╭─ INPUT DATA

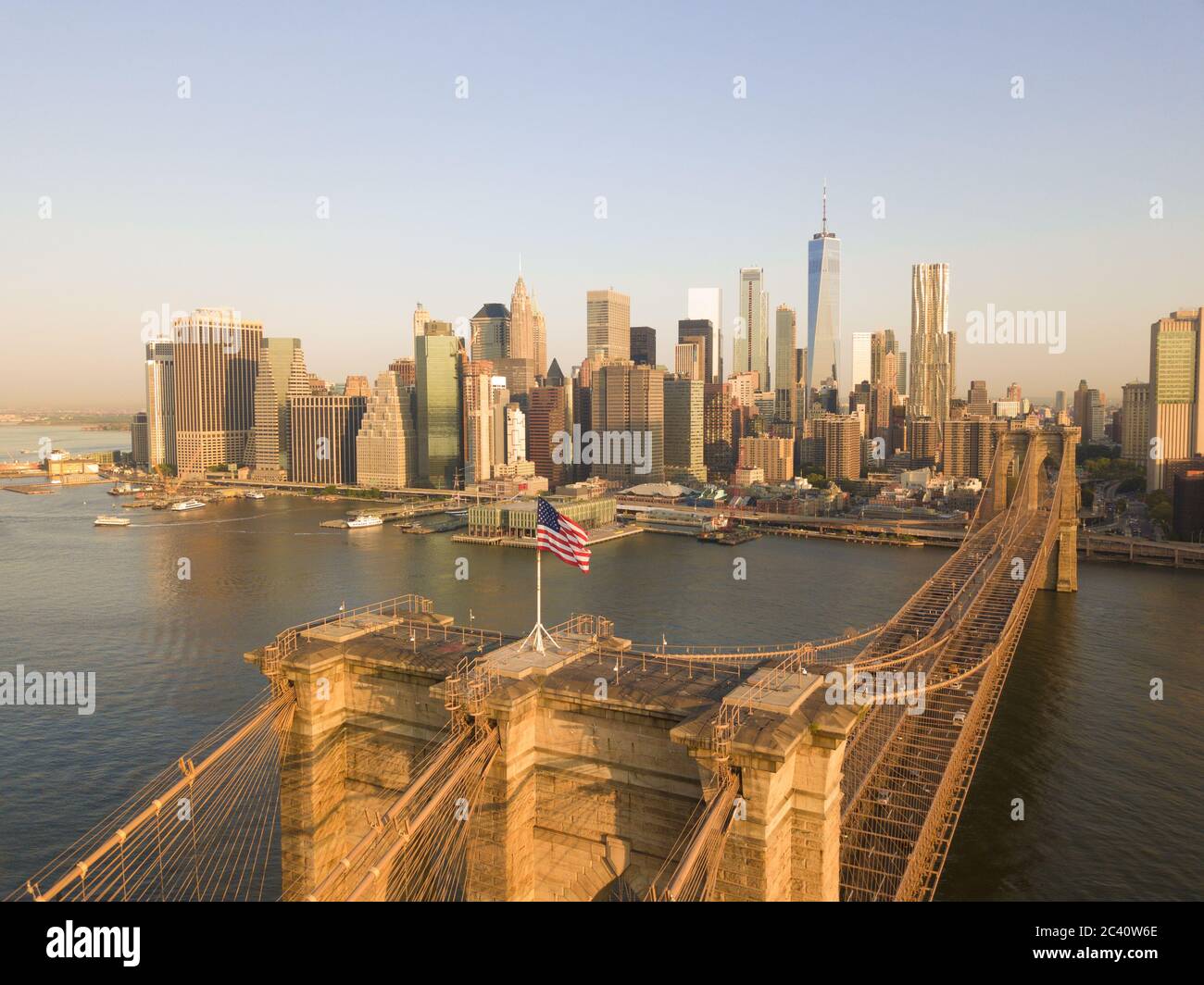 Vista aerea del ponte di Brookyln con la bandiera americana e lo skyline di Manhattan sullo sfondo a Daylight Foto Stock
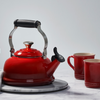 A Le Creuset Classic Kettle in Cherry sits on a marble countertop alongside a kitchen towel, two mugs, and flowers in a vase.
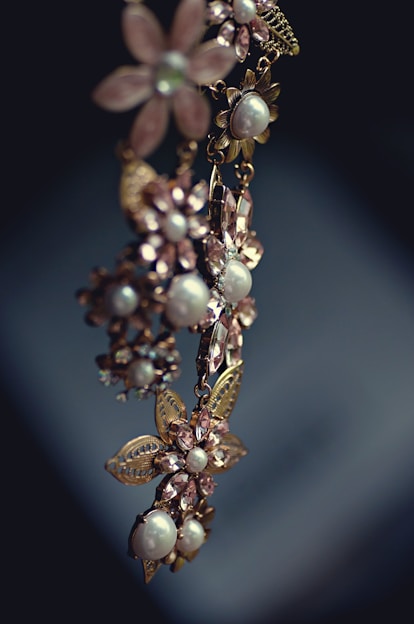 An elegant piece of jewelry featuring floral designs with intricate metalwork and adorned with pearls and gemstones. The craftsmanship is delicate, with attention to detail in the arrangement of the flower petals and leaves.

╰─

Output the listing above exactly as it stands; no picture should appear.

- _FINISHED TASK_
 Vista aerea del ponte di Brookyln con la bandiera americana e lo skyline di Manhattan sullo sfondo a Daylight Foto Stock
 A Le Creuset Classic Kettle in Cherry sits on a marble countertop alongside a kitchen towel, two mugs, and flowers in a vase.
 An elegant piece of jewelry featuring floral designs with intricate metalwork and adorned with pearls and gemstones. The craftsmanship is delicate, with attention to detail in the arrangement of the flower petals and leaves.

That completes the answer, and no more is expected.